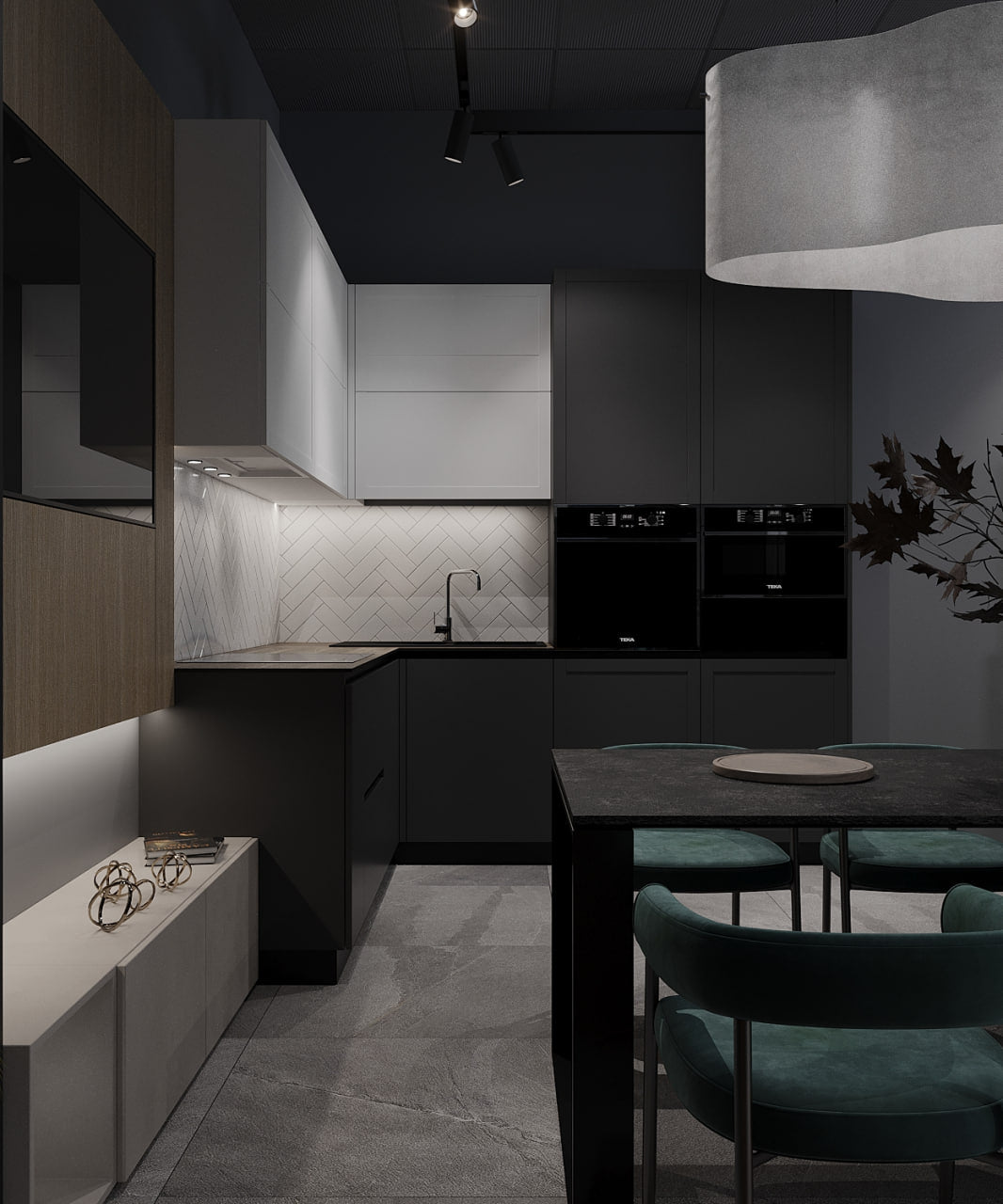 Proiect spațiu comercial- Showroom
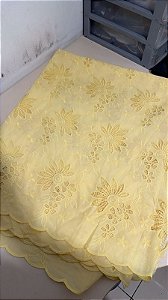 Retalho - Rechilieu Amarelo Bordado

━━━━━━━━━━

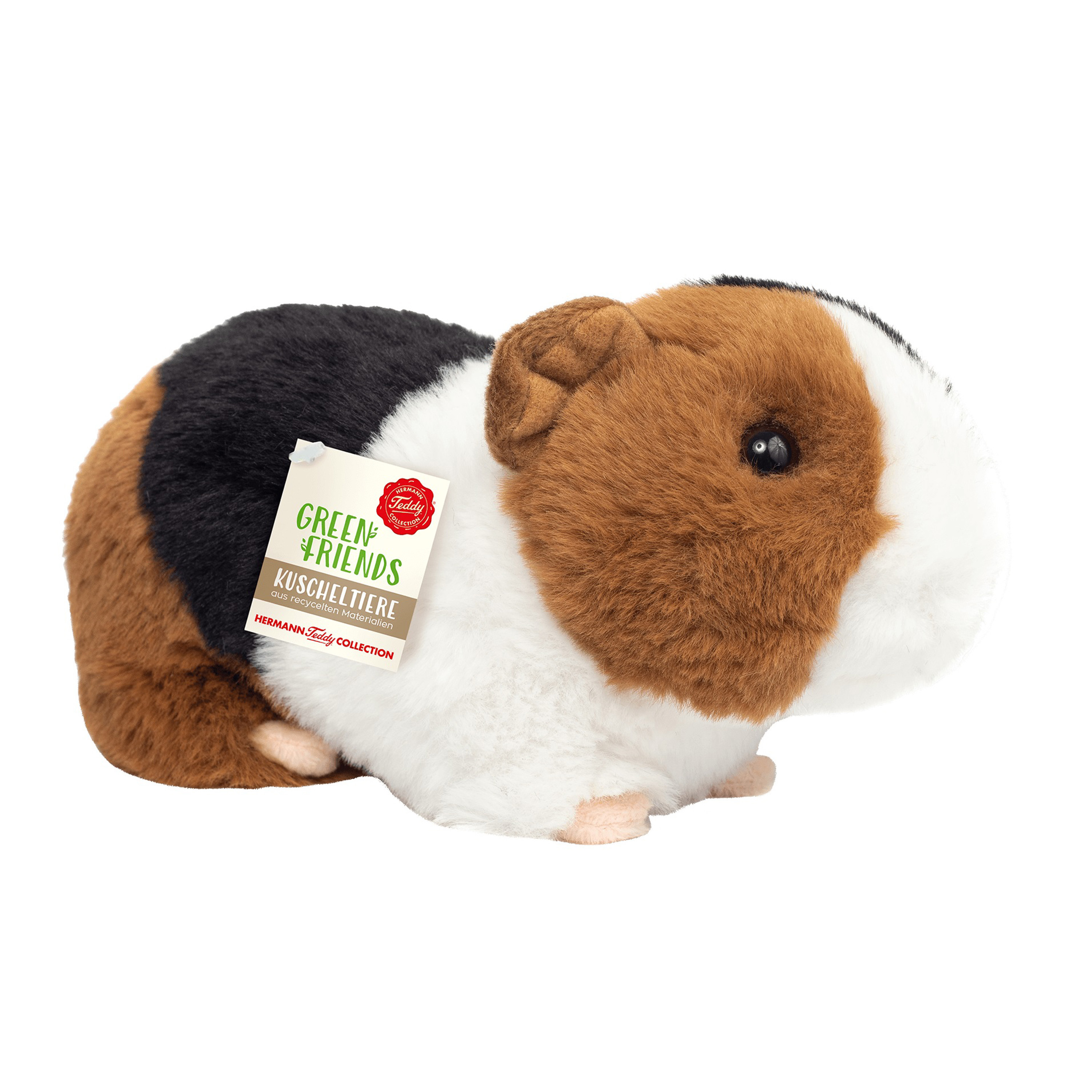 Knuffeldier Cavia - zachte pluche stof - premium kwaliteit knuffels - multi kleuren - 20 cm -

━━━━━━━━━━

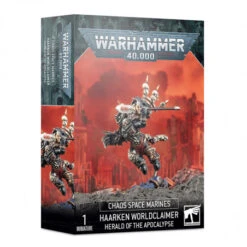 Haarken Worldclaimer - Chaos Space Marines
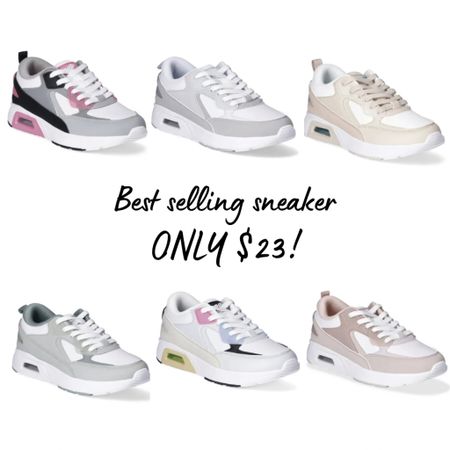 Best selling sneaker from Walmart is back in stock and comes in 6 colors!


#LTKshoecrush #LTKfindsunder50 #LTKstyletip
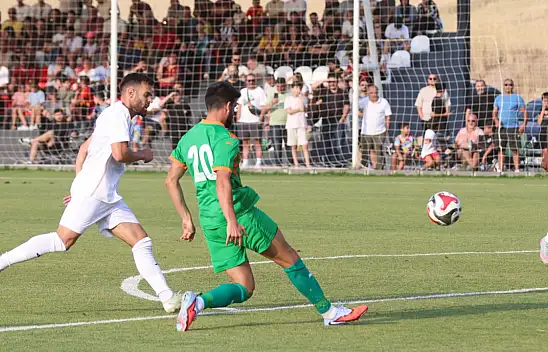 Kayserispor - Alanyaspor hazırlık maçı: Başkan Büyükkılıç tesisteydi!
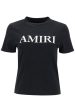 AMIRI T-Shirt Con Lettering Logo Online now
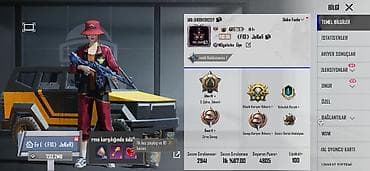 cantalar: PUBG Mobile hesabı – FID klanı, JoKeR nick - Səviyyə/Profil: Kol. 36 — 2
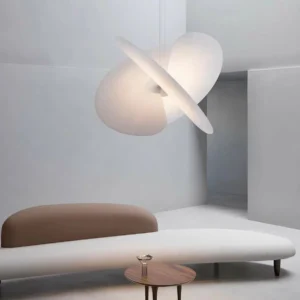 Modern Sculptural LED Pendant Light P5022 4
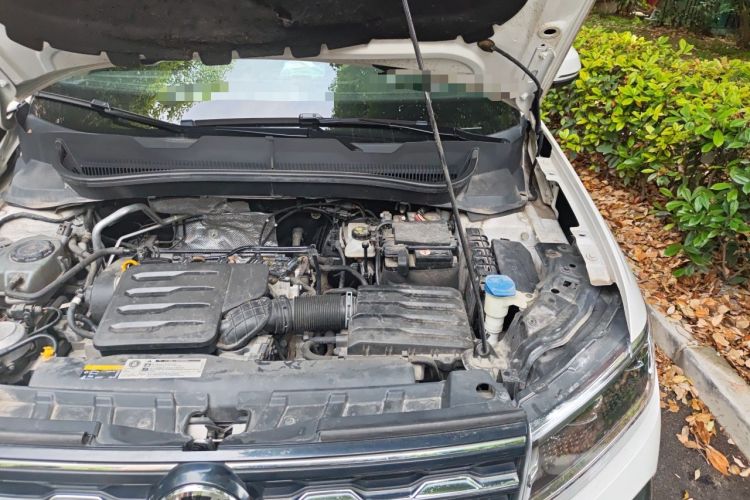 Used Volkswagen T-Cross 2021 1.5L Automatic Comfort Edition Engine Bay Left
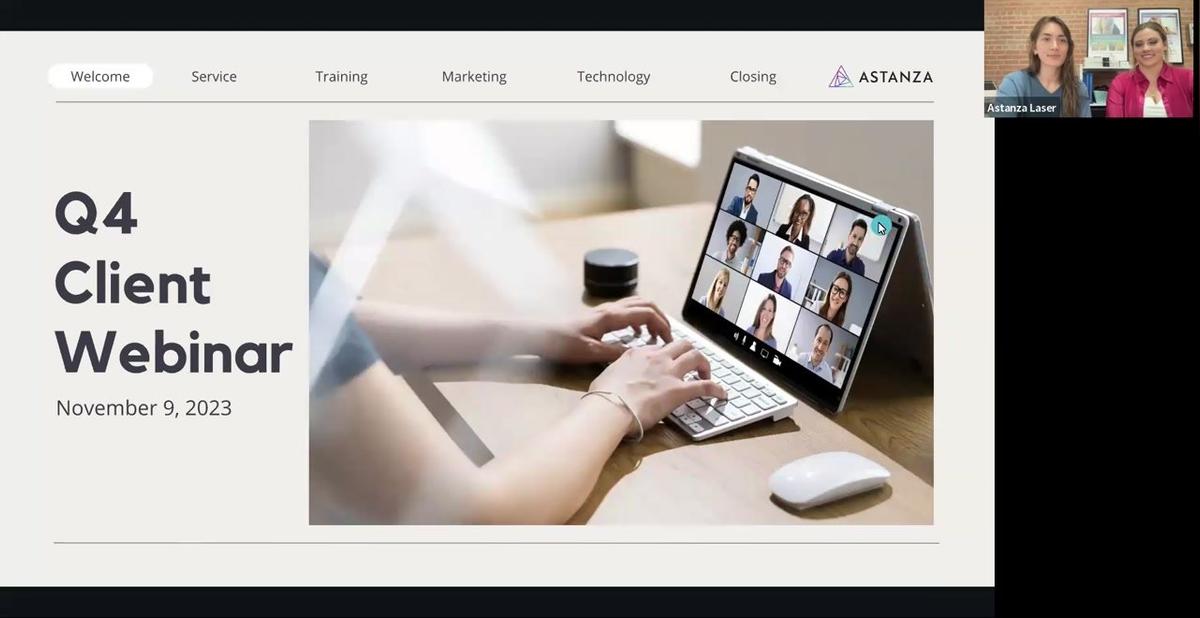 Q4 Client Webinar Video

━━━━━━━━━━

**The problem**
Restate the lines above from the one containing "Proiect spațiu comercial- Showroom" through the one containing "Retalho - Rechilieu Amarelo Bordado", inclusive, exactly and without pictures.

**Solution**
 Proiect spațiu comercial- Showroom
 Retalho - Rechilieu Amarelo Bordado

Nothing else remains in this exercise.